M is Protester #4. Her lines are:
“Why is that, ma’am? Why can’t people like us sit down at your lunch counter?”
“So you want some strawberry shortcake, do you? Well, so do we.”
"Listen, mister, I don’t want any trouble here.”
There are two casts but Protesters 1, 2, 3, and 4 get to be in both casts, which is why it’s good to be a Protester. Also, Protester #3 gets a bowl of sugar dumped on his head and Protester #4 (that would be M) gets pulled off his seat . (E really wishes she could see that.)
If just about now you’re feeling a little uneasy about 21st-century white kids in the heartland playing 1960s southern Black civil rights protesters, well, so am I. But they’re definitely learning about the sit-ins and the civil rights movement, and they’re totally into it. And that’s great.

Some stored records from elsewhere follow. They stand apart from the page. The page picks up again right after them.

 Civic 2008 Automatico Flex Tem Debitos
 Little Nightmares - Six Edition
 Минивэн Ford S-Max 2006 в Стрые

What’s not so great is that they seem to be learning that racism, like Christopher Columbus and Ben Franklin, is a thing of the past: history for them to study in school and perform in plays. When I asked M if there is still racism, she said she’s not sure, and she comes from one of the more politically aware, liberal (even radical) families in town. I’m sure most of the other kids in her nearly all-white school have no doubt that racism is over, and we celebrate Martin Luther King Jr.’s birthday because he won. How I wish they were right.
[Check out Jackie for a quote that would make M’s teacher seriously reconsider her curriculum.]
1 comment:
FWIW, on the "white kids playing black civil rights protesters" thing--I think it's *excellent.* I went to a school named after MLK, one that was very focused on civil rights curriculum and deliberately and consciously integrated, and we were taught that the history of the civil rights movement was *everyone's* history. Teaching white kids to identify with the struggle for Black civil rights is important: one of the huge problems liberal whites have is with "white guilt," which tends to make them focus on wanting absolution rather than on whatever the issue at hand is. For me, identifying with the civil rights movement and learning about it young has helped short-circuit a lot of that guilt that comes from applying a simple victims/perpetrators model.
Sounds to me like, on this at least, your kid's teacher is doing a pretty decent job.